It may seem an impossible task: Inform college students about legal issues around social media, online safety, and appropriate online behavior.

Also, keep them interested.

Fortunately for attorney C.L. Lindsay, speaker at this year’s McPherson College Mohler Lecture on Oct. 27 and 28, he’s done this before and knows the secret – humor and action figures. To illustrate each point, rather than any human models, he employed posed pictures of action figures – everything from Spider-Man to Chuck Norris to Bilbo Baggins.

Covering everything from privacy to Pokémon Go, Lindsay helped share advice to help keep college-age students out of trouble – both in an on-campus gathering on Friday and a lecture open to the public the Thursday evening before.

He said that the basic rule was simple.

“If you wouldn’t do it without technology, don’t do it with technology,” he said. “99 percent of the time that will keep people out of trouble.”

Lindsay said one of the clearest examples is when using email or text. He asks people to imagine walking up to someone and saying to their face what they are about to type. If it feels wrong “in real life,” don’t do it online, either.

“We change our expectations when we go online,” he said. “We change our ethics when we go online.”

He also gave the example of people posting their bad behavior on social media such as Facebook.

“It’s like printing off infinite copies all over campus,” he said.

The focus of his law career took a sharp turn in 1998 with a single phone call from a friend and professor where he went to college – at Denison University in Granville, Ohio.
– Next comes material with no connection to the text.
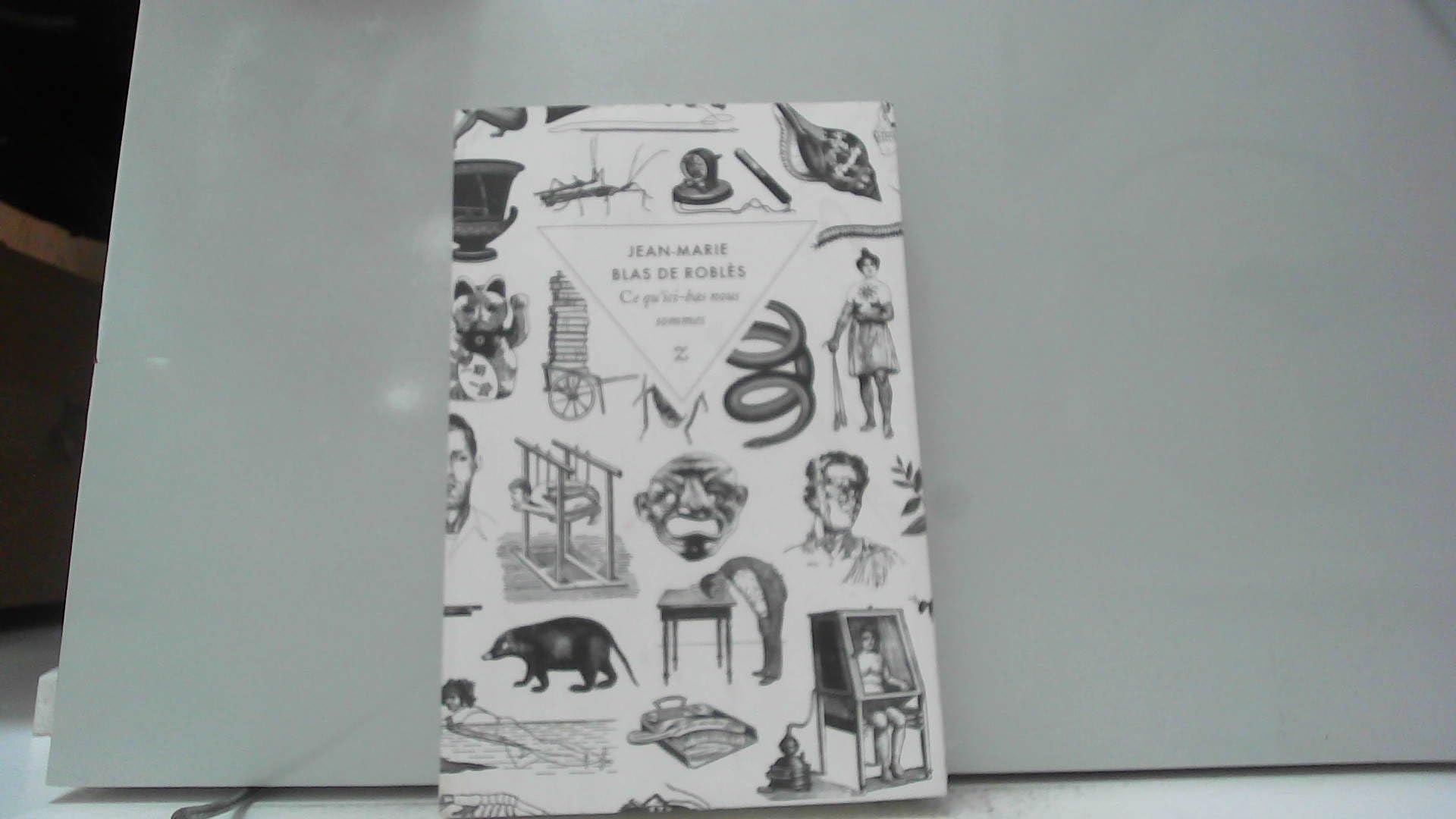 Ce qu'ici-bas nous sommes book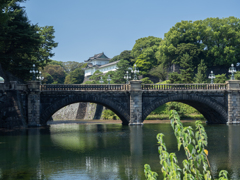 東京さん歩　二重橋（正門石橋）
This professor was facing issues of academic freedom, with other faculty trying to pressure him to stop teaching in a certain way. He reached out to Lindsay for help, as the only attorney he knew who could assist him.

In this process, Lindsay realized that there was a true lack of legal assistance in the area of education. As a result, he left his New York law practice to found the Coalition for Student & Academic Rights (CO-STAR). As executive director, he has since built CO-STAR into a national student rights organization that each year helps thousands of college students with their legal problems – free of charge.
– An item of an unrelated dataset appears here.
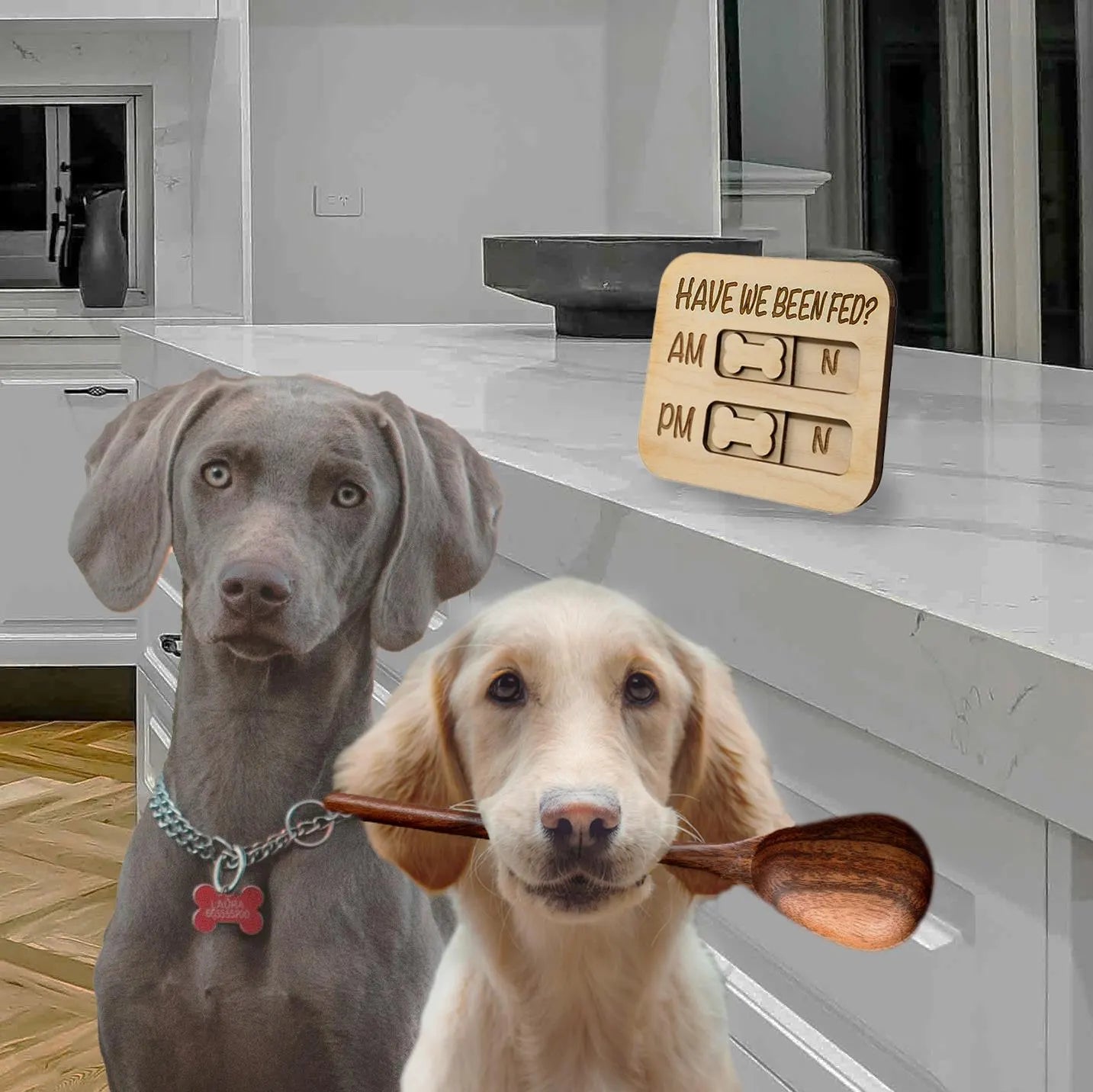 Did You Feed the Dogs Flip Sign Magnet am pm Reminder, Feeding Tracker Dogs Fed, Feeder Reminder Dogs, Dogs Were Fed Chart, Dog Feeder Sign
To broaden the reach of the lessons he learned by leading CO-STAR, Lindsay wrote the book on legal problems in post-secondary education… literally. His 2005 book “The College Student’s Guide to the Law” continues to be an authoritative guide for students and counsel at colleges and universities nationwide.

Originally, he thought the organization would mostly assist professors, but he quickly discovered that most of the requests for legal help were pouring in from students. Apart from this clear need, he sees a benefit of introducing young people to participating in the legal side of the United States democracy.
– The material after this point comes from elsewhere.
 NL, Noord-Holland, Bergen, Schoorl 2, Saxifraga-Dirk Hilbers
For all the warnings in his presentation, Lindsay had a final word of caution – remember that the Internet is like indoor plumbing.

Indoor plumbing can go very, very wrong when toilets back up and bathtubs overflow, but that doesn’t mean anyone really wants to go back to outhouses.

Similarly, the Internet can have terrible consequences, but that doesn’t mean one should give it up entirely – just using common sense.

“Be careful, but don’t shun this stuff,” he said. “This is some of the greatest benefit of getting to live in this day and age.”

McPherson College’s oldest continuous-running lecture series, the Mohler Lecture was made possible starting in 1975 by the generosity of Dr. Robert and Mrs. Fern Shoemaker Mohler. The lecture is supported by permanent funds from the Mohler’s initial gift that are now held in the McPherson College endowment, meaning that the Mohler lecture will continue to bring great speakers to McPherson College for years to come.